56    It was submitted that the correctness of the principle stated by Brereton J in Lucantonio was implicitly accepted by Besanko J in Lock, in the matter of Cedenco JV Australia Pty Ltd (in liq) (No 2) [2019] FCA 93 at [22]-[23] (albeit the circumstances of that case were different): see also Australian Securities & Investments Commission v Vines [2003] NSWSC 1095; (2003) 48 ACSR 291 at [13]-[34].

57    The Vale Applicants did not dispute the application of these principles. I accept that the reasoning in MB and Lucantonio is logical, but my view is that the question of what additional training, study or experience will be required to qualify an expert to express such opinions is likely to be fact dependent to the particular profession in question. Here, the relevant discipline is said to be quantitative modelling and structured finance. At this stage, I do not have any sense of what additional training, study or experience would qualify an expert to express opinions about what types of errors would have been obvious to specialists in those fields. The Vale Applicants contended that both Professor Schlögl and Dr Gregory were eminently qualified to express such opinions.
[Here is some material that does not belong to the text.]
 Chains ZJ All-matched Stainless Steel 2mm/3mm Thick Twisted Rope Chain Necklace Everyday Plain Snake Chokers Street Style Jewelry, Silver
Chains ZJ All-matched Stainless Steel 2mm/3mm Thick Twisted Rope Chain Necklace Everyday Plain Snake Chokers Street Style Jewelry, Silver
58    Professor Schlögl is a professor of quantitative finance at the University of Technology Sydney (UTS). He was the Director of the Quantitative Finance Research Centre at UTS from November 2006 to March 2022, which was the largest and internationally best known concentration of academic researchers in Quantitative and Mathematical Finance in Australia during that period. He has over thirty years of experience in teaching statistics, quantitative finance, the development of mathematical models, and the implementation of those models in computer programs to university students (both at an undergraduate and postgraduate level) at the University of Bonn and UTS. This includes over twenty years of experience developing and delivering subjects in the Master of Quantitative Finance degree at UTS, a degree specifically designed to train quantitative analysts for the finance industry. Professor Schlögl has also been retained in a number of consulting assignments for banks, financial institutions and software developers concerning the development and implementation in computer software of mathematical models, as well as to conduct “model validation” of computer software, that is, to determine whether the software was correctly implementing derivatives pricing models.
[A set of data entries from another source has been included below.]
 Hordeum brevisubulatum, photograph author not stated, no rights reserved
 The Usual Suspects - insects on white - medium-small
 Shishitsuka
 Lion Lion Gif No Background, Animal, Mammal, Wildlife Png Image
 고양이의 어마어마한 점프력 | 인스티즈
59    S&P contended that what Professor Schlögl has taught his students at UTS over the past twenty years tells the Court nothing of what would or would not have been obvious to employees of S&P in the mid-2000s. It was further submitted that Professor Schlögl’s research and experience in consulting did not reveal any details sufficient to qualify him to state opinions as to what would (or would not) have been obvious to expert employees of ratings agencies in the mid-2000s. It was submitted that the obviousness that he states is a mere ipse dixit.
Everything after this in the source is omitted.